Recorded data

+ + + +

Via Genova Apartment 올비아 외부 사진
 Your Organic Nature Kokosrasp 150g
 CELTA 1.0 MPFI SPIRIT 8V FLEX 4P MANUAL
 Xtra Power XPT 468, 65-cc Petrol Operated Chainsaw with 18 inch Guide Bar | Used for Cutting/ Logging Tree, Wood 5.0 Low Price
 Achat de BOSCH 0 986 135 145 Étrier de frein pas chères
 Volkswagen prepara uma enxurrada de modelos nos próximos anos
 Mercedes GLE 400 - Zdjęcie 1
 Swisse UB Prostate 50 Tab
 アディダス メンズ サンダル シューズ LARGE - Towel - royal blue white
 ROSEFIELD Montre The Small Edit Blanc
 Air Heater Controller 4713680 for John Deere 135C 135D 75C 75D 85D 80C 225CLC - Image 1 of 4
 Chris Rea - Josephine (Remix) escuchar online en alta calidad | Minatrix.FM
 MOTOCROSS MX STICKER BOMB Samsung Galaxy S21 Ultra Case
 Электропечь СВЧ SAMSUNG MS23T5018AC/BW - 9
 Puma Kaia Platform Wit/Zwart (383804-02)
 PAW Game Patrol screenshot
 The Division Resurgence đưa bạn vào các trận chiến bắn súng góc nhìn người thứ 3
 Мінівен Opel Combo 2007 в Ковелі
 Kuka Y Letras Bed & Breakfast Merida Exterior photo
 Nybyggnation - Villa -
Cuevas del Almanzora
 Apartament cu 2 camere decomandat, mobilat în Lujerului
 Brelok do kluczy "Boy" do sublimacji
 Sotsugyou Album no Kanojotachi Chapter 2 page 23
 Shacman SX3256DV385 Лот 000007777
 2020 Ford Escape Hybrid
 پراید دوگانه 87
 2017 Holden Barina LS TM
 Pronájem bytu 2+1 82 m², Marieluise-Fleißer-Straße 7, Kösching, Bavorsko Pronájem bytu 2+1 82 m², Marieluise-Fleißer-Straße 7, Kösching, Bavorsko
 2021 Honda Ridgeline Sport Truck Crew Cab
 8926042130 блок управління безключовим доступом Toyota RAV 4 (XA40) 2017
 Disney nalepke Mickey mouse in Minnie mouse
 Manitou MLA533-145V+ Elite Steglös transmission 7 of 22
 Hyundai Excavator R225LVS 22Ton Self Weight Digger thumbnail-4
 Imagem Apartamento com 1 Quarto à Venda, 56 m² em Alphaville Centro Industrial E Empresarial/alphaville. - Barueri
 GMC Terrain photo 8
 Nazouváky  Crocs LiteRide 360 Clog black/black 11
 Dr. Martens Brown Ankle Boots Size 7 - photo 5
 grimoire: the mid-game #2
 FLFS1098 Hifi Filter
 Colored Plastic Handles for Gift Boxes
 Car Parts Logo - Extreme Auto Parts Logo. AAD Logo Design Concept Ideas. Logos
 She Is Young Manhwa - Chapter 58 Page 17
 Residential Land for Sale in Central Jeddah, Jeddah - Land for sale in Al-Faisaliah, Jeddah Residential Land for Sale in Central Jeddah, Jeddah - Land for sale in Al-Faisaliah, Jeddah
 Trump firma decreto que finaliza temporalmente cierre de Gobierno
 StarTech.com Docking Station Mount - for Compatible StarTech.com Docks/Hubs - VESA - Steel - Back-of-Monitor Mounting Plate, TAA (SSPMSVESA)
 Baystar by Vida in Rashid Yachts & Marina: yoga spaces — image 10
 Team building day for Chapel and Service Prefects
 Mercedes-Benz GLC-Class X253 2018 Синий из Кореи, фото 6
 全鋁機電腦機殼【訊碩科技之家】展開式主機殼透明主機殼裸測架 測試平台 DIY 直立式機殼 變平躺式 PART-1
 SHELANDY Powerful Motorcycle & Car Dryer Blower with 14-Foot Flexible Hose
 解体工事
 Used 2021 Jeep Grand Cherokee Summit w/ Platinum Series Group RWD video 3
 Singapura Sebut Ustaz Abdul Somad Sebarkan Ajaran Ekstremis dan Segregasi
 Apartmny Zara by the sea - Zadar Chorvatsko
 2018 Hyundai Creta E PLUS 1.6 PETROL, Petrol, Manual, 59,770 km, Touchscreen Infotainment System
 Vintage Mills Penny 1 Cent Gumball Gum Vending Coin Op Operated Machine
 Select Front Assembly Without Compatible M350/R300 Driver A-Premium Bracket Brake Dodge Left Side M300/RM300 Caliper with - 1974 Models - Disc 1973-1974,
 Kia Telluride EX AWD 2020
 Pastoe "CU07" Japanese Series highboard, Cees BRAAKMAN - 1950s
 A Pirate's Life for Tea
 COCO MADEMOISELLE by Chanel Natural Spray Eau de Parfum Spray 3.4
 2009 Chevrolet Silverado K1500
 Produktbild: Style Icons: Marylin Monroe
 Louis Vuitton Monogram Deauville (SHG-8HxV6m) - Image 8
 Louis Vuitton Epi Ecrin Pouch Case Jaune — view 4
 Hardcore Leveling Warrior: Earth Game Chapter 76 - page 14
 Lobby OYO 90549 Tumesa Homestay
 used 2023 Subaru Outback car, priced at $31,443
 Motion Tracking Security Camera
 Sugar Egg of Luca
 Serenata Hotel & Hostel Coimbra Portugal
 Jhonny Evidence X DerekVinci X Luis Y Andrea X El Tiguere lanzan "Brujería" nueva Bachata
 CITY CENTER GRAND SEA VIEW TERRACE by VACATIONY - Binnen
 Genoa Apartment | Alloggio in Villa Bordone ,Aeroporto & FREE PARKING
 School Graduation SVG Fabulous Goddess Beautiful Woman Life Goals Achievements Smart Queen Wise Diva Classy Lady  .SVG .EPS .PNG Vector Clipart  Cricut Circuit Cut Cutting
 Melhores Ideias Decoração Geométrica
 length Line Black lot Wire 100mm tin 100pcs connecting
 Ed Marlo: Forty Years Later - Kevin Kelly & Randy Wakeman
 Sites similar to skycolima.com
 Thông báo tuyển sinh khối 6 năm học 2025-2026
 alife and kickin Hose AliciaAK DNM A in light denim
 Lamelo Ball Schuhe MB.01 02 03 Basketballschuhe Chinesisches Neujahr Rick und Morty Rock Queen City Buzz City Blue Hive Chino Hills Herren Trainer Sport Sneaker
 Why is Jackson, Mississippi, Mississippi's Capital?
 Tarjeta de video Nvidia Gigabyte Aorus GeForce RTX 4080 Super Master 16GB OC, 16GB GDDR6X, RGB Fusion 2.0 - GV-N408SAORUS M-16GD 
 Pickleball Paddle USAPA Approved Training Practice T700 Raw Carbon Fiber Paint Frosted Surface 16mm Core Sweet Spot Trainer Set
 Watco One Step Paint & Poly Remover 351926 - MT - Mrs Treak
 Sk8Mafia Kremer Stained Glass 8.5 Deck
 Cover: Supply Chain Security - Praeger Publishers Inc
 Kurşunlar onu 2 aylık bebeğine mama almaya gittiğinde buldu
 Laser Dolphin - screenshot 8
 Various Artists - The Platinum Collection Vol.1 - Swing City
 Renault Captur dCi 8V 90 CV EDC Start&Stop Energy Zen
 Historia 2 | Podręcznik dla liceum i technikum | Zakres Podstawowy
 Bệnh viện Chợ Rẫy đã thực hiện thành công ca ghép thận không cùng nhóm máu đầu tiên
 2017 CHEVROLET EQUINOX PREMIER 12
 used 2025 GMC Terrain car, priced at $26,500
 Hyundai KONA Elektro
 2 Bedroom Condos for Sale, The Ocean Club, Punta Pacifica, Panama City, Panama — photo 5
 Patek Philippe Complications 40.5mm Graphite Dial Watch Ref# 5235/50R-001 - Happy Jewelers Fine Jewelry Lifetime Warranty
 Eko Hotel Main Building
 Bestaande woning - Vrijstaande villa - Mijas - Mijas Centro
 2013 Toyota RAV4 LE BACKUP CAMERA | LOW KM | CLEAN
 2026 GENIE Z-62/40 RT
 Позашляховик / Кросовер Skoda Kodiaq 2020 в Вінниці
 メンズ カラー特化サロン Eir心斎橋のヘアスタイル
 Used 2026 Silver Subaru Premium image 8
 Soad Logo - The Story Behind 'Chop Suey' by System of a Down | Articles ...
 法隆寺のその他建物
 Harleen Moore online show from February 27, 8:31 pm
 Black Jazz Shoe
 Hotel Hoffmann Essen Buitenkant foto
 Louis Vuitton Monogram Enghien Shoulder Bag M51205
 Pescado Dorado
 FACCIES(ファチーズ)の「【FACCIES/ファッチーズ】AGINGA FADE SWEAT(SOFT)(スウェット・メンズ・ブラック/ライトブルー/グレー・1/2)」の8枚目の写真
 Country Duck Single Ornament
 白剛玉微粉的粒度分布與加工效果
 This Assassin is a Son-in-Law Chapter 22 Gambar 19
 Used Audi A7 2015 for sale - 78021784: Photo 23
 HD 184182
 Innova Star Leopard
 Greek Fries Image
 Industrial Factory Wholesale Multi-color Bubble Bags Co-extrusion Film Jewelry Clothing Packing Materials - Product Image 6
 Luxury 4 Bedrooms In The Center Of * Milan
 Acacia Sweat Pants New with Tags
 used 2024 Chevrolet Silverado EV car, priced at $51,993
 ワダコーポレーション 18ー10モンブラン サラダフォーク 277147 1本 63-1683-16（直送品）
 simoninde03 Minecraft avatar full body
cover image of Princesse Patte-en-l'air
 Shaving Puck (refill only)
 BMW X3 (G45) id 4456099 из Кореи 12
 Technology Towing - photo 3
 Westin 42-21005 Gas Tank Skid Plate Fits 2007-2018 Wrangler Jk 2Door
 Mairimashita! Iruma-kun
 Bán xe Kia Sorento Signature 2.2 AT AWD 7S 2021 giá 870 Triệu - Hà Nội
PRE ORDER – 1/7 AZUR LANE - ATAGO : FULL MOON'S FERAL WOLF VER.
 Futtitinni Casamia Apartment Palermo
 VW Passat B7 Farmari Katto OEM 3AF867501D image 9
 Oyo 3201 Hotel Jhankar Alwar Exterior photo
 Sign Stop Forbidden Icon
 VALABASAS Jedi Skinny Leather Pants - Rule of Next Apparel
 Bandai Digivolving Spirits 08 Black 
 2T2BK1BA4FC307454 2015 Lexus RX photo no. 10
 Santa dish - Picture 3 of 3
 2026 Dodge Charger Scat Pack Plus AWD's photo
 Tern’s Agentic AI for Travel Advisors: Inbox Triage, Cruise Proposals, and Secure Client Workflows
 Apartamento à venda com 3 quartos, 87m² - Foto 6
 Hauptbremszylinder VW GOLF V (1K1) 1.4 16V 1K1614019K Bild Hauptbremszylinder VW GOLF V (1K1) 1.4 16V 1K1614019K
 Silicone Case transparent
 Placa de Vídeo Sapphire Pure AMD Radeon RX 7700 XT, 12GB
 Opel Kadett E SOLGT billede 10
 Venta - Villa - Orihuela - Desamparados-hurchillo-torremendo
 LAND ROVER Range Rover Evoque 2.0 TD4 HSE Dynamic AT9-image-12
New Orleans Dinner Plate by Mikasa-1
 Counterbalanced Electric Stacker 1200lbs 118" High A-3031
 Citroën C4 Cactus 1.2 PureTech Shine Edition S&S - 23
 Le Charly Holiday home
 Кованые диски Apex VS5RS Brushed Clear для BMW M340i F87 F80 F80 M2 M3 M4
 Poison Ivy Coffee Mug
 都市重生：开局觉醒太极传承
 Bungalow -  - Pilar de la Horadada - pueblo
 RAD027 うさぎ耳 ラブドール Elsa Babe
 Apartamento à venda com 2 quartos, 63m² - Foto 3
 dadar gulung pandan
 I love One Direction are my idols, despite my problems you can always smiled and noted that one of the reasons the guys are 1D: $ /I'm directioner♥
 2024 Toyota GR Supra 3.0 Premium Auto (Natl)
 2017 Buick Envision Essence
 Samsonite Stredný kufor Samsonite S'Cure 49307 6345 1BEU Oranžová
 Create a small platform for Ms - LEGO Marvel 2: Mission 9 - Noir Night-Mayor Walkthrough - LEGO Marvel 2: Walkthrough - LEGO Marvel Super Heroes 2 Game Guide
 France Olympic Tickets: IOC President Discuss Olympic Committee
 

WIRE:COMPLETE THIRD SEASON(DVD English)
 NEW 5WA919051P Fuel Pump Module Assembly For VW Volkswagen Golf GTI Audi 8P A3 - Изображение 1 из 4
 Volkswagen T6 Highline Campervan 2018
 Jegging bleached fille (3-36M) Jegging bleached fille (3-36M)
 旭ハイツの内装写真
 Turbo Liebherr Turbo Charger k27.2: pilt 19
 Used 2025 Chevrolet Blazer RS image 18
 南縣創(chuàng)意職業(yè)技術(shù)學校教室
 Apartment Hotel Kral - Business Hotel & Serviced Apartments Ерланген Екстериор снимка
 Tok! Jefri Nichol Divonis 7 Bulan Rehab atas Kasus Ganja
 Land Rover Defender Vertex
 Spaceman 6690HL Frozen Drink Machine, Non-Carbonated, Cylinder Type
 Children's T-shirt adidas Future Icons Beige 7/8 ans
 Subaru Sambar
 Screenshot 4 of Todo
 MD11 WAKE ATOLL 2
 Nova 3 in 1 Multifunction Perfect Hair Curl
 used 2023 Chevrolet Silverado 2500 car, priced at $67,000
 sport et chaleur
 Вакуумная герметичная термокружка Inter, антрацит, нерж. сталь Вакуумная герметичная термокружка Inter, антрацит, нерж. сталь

+ + + +

▸ **Problem details**:
Output the lines above between the one holding "Apartamento à venda com 3" and the one holding "I love One Direction", inclusive, with nothing before or after them.

▸ **Solution to this exercise**:
 Apartamento à venda com 3 quartos, 87m² - Foto 6
 Hauptbremszylinder VW GOLF V (1K1) 1.4 16V 1K1614019K Bild Hauptbremszylinder VW GOLF V (1K1) 1.4 16V 1K1614019K
 Silicone Case transparent
 Placa de Vídeo Sapphire Pure AMD Radeon RX 7700 XT, 12GB
 Opel Kadett E SOLGT billede 10
 Venta - Villa - Orihuela - Desamparados-hurchillo-torremendo
 LAND ROVER Range Rover Evoque 2.0 TD4 HSE Dynamic AT9-image-12
New Orleans Dinner Plate by Mikasa-1
 Counterbalanced Electric Stacker 1200lbs 118" High A-3031
 Citroën C4 Cactus 1.2 PureTech Shine Edition S&S - 23
 Le Charly Holiday home
 Кованые диски Apex VS5RS Brushed Clear для BMW M340i F87 F80 F80 M2 M3 M4
 Poison Ivy Coffee Mug
 都市重生：开局觉醒太极传承
 Bungalow -  - Pilar de la Horadada - pueblo
 RAD027 うさぎ耳 ラブドール Elsa Babe
 Apartamento à venda com 2 quartos, 63m² - Foto 3
 dadar gulung pandan
 I love One Direction are my idols, despite my problems you can always smiled and noted that one of the reasons the guys are 1D: $ /I'm directioner♥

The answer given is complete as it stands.